Via The Military Times:
The White House late Tuesday signed a memo allowing troops stationed at the border to engage in some law enforcement roles and use lethal force, if necessary — a move that legal experts have cautioned may run afoul of the Posse Comitatus Act.
The new “cabinet order” was signed by White House Chief of Staff John Kelly, not President Donald Trump. It allows “Department of Defense military personnel” to “perform those military protective activities that the Secretary of Defense determines are reasonably necessary” to protect border agents, including “a show or use of force (including lethal force, where necessary), crowd control, temporary detention. and cursory search.”
There are approximately 5,900 active-duty troops and 2,100 National Guard forces deployed to the U.S.-Mexico border. Some of those activities, including crowd control and detention, may run into potential conflict with the 1898 Posse Comitatus Act.
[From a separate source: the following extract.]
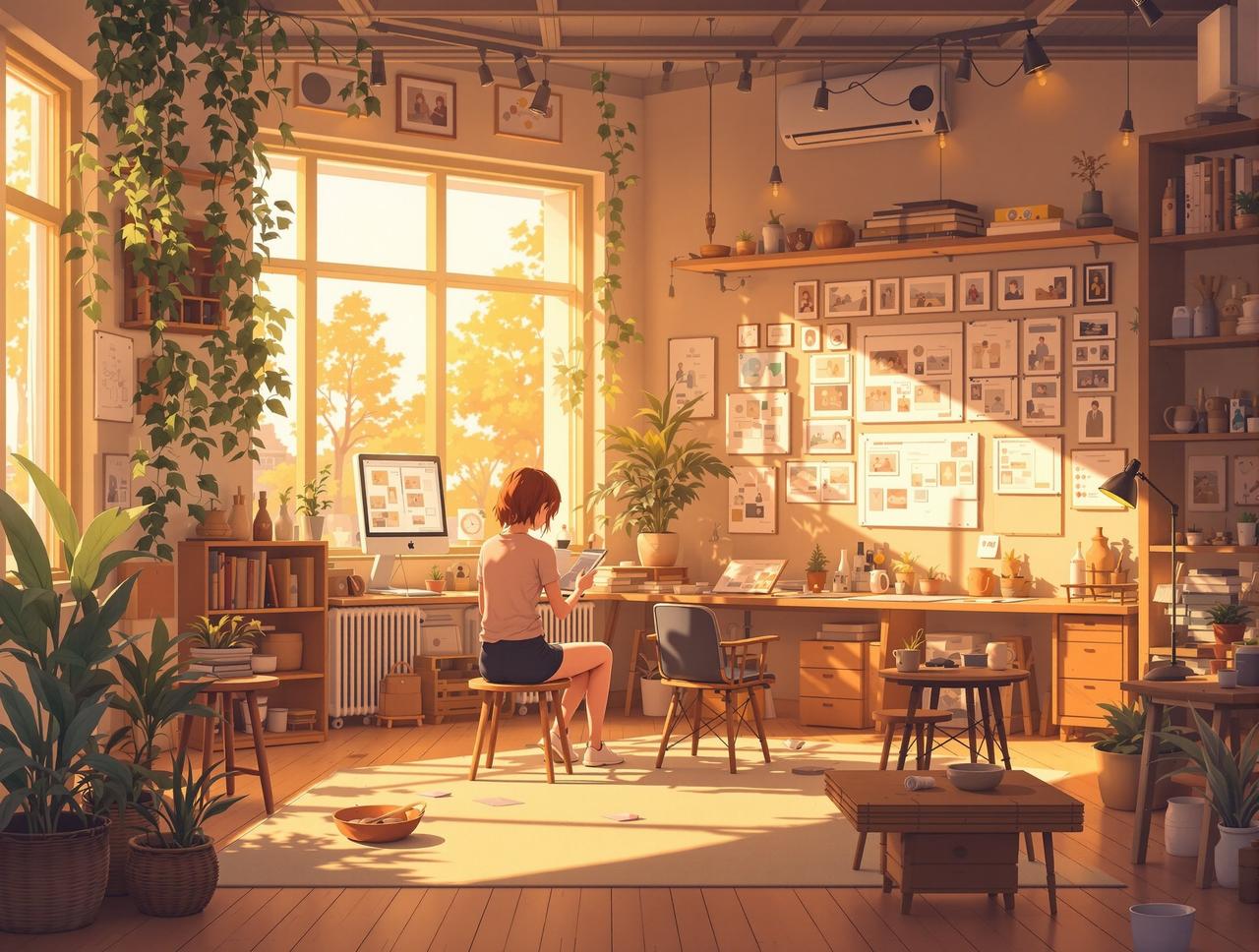 短剧tv创作工作室 短剧tv创作工作室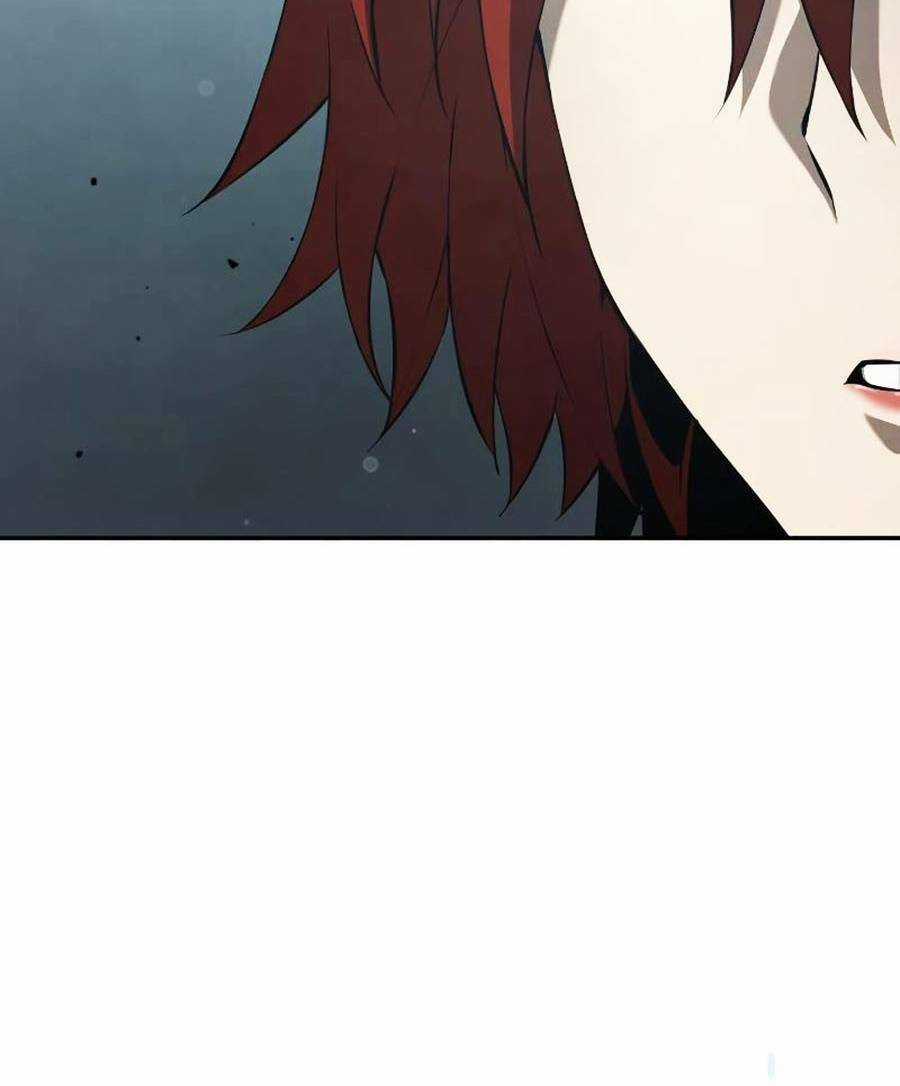 Vô Hạn Tử Linh Sư - Chapter 31 - Trang 159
If crossed, the erosion of the act’s limitations could represent a fundamental shift in the way the U.S. military is used, legal experts said.
The Posse Comitatus Act, was enacted in 1878, and forbids the use of the United States Army, and through it, its offspring, the United States Air Force, as a posse comitatus or for law enforcement purposes without the approval of Congress.
The original provision was enacted as Section 15 of chapter 263, of the Acts of the 2nd session of the 45th Congress.
Sec. 15. From and after the passage of this act it shall not be lawful to employ any part of the Army of the United States, as a posse comitatus, or otherwise, for the purpose of executing the laws, except in such cases and under such circumstances as such employment of said force may be expressly authorized by the Constitution or by act of Congress; and no money appropriated by this act shall be used to pay any of the expenses incurred in the employment of any troops in violation of this section and any person willfully violating the provisions of this section shall be deemed guilty of a misdemeanor and on conviction thereof shall be punished by fine not exceeding ten thousand dollars or imprisonment not exceeding two years or by both such fine and imprisonment
LOCK HIM UP! LOCK HIM UP! LOCK HIM UP!